=== Section Start ===

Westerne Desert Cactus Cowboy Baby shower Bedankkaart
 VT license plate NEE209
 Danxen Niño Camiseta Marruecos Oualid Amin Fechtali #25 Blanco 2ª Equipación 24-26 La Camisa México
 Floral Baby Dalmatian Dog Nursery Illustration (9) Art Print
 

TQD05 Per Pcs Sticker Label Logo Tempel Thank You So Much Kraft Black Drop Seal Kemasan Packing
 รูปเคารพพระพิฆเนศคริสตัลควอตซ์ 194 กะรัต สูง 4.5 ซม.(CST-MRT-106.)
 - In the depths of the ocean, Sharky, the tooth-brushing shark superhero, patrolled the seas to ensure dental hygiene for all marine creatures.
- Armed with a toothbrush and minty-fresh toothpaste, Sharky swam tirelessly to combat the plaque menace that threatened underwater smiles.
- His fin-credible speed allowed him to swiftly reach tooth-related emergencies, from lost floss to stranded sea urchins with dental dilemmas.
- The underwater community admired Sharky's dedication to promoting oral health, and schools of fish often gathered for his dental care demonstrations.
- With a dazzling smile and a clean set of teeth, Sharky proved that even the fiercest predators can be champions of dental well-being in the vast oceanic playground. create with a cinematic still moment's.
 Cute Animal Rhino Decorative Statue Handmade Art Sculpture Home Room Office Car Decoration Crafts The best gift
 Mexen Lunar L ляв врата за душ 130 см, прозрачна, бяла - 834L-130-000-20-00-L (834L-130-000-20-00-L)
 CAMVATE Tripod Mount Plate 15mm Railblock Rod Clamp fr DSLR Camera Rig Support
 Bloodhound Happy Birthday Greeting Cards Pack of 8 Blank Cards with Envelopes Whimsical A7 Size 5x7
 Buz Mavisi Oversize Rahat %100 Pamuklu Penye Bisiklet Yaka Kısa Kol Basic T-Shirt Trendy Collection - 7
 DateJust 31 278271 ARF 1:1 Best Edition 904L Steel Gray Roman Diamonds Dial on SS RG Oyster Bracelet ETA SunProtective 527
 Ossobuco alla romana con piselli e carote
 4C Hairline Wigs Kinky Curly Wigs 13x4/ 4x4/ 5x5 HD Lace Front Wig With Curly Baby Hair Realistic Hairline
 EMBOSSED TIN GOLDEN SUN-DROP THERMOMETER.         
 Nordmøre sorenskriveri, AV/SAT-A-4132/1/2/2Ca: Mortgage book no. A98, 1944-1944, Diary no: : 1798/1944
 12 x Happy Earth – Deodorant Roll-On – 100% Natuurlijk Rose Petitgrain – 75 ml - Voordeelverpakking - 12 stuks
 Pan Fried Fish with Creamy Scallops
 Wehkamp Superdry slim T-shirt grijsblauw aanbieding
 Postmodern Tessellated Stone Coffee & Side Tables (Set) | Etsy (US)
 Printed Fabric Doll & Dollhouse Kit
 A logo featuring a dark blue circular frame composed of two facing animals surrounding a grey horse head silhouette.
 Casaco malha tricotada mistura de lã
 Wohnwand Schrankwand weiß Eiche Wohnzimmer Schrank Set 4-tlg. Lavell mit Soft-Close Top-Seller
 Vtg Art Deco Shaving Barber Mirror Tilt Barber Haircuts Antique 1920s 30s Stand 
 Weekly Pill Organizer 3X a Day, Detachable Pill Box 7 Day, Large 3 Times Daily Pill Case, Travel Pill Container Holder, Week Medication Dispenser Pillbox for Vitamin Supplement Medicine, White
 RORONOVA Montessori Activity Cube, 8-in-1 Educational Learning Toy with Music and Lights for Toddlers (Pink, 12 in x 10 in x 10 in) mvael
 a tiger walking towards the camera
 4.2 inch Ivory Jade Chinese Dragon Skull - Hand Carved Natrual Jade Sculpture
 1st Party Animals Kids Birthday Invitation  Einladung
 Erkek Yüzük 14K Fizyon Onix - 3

=== Section End ===

Directions for this task: Final part of the records: return the line that contains "RORONOVA Montessori Activity" and every line after it, exactly, with no other lines added.

Exercise answer:
 RORONOVA Montessori Activity Cube, 8-in-1 Educational Learning Toy with Music and Lights for Toddlers (Pink, 12 in x 10 in x 10 in) mvael
 a tiger walking towards the camera
 4.2 inch Ivory Jade Chinese Dragon Skull - Hand Carved Natrual Jade Sculpture
 1st Party Animals Kids Birthday Invitation  Einladung
 Erkek Yüzük 14K Fizyon Onix - 3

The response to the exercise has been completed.